INFORMATION PROVIDED »
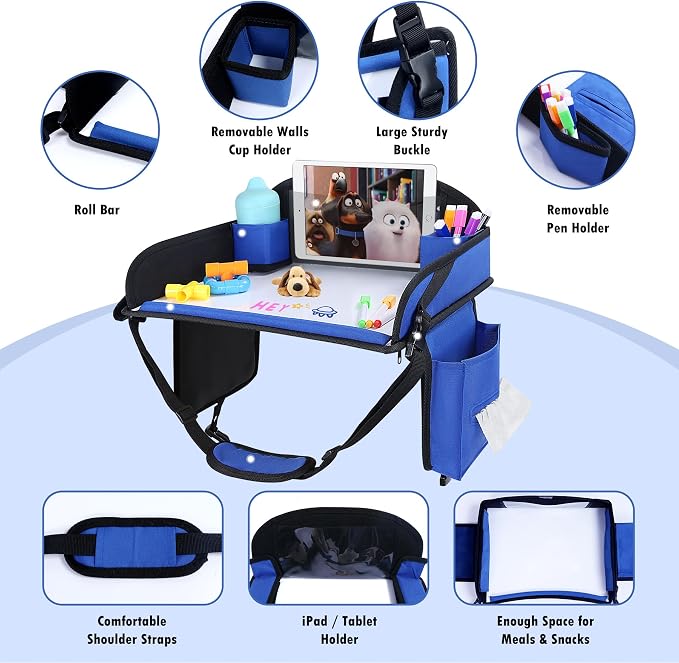 Kids Travel Tray for Car Seat, Toddler Road Trip Essentials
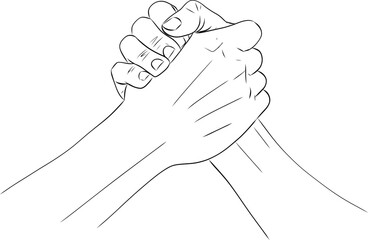 Hands of friends greeting each other - 662322077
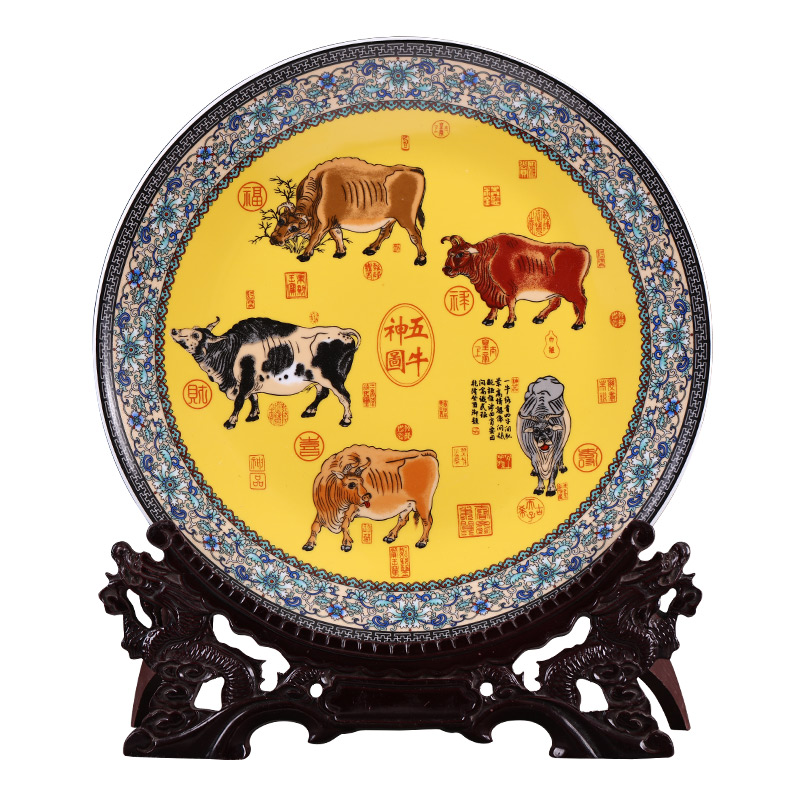 Jingdezhen ceramic five NiuTu household of Chinese style rich ancient frame hang dish decorative plate is placed in the sitting room porch handicraft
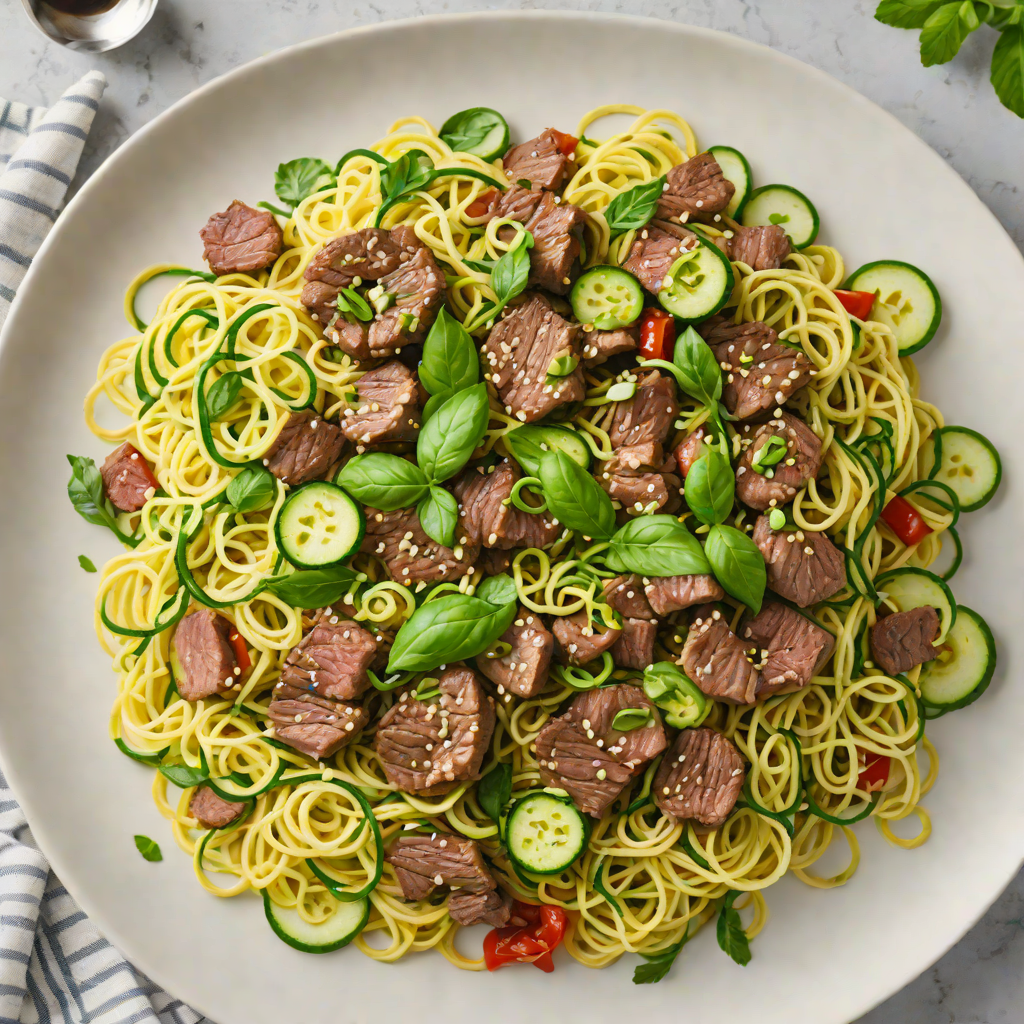 Sautéed Beef and Zucchini Noodles with Garlic and Basil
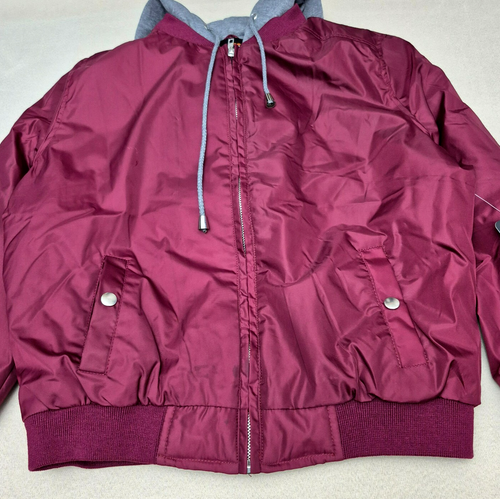 Ambiance Outerwear Womens L Double Zip Burgundy Bomber Jacket Hooded Semi-Crop - Picture 2 of 12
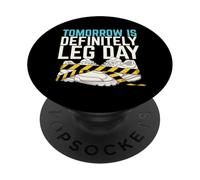 Demain, C'est définitivement Leg Day Fitness Squat Gym Goer PopSockets PopGrip Adhésif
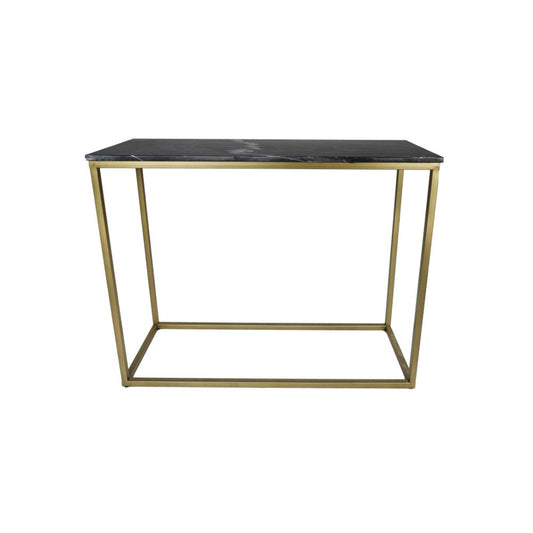 Console table Marseille - 100x35x75 - Black/gold - Marble/metal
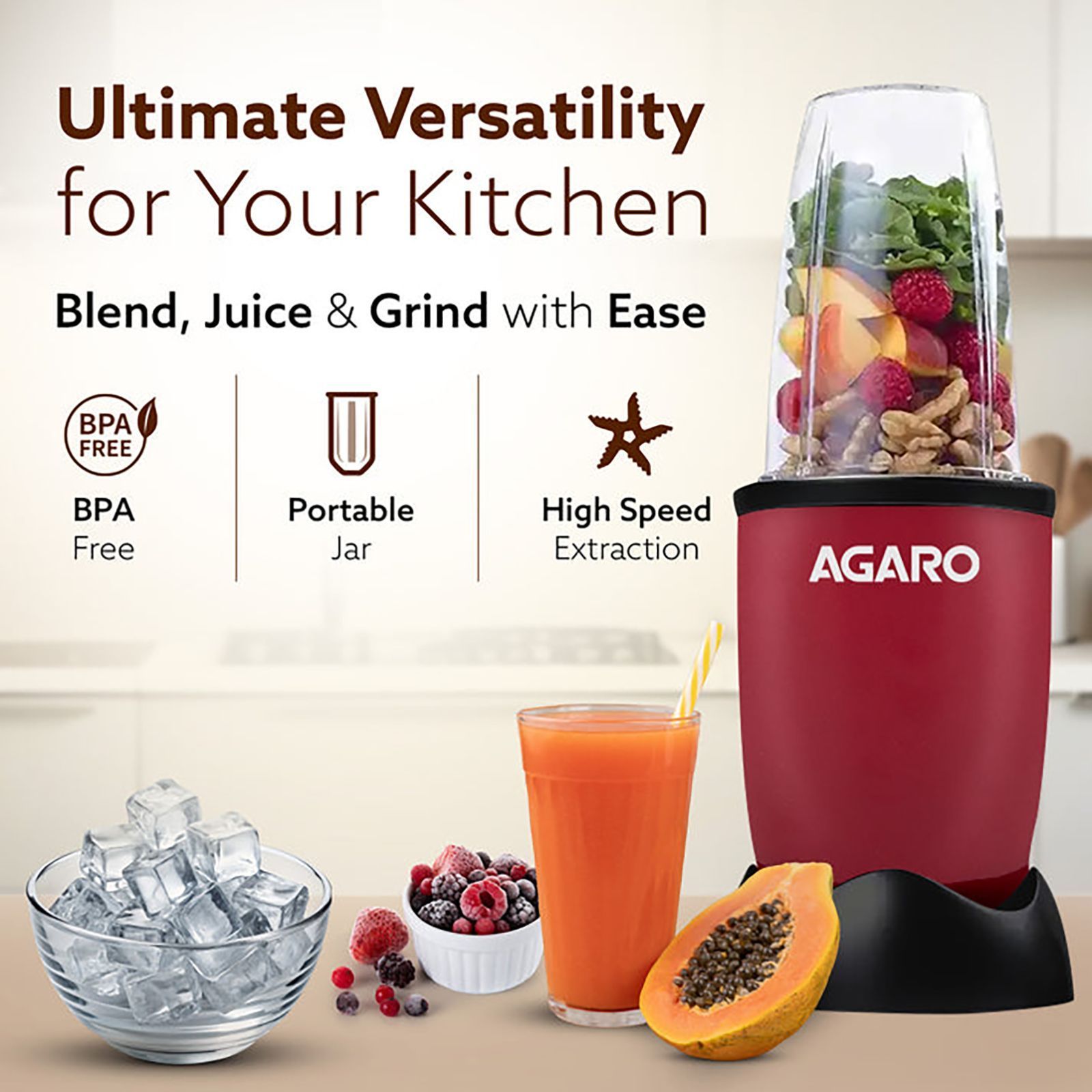 AGARO Regal 400 Watt 3 Jars Mixer Grinder, Juicer Blender (Safety Interlock Mechanism, Red) AGARO Regal 400 Watt 3 Jars Mixer Grinder, Juicer Blender (Safety Interlock Mechanism, Red)_7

TASK DIRECTIONS » Print all the lines above exactly as they are, but without the pictures.

WORKED SOLUTION »
 Kids Travel Tray for Car Seat, Toddler Road Trip Essentials
 Hands of friends greeting each other - 662322077
 Jingdezhen ceramic five NiuTu household of Chinese style rich ancient frame hang dish decorative plate is placed in the sitting room porch handicraft
 Sautéed Beef and Zucchini Noodles with Garlic and Basil
 Ambiance Outerwear Womens L Double Zip Burgundy Bomber Jacket Hooded Semi-Crop - Picture 2 of 12
 Demain, C'est définitivement Leg Day Fitness Squat Gym Goer PopSockets PopGrip Adhésif
 Console table Marseille - 100x35x75 - Black/gold - Marble/metal
 AGARO Regal 400 Watt 3 Jars Mixer Grinder, Juicer Blender (Safety Interlock Mechanism, Red) AGARO Regal 400 Watt 3 Jars Mixer Grinder, Juicer Blender (Safety Interlock Mechanism, Red)_7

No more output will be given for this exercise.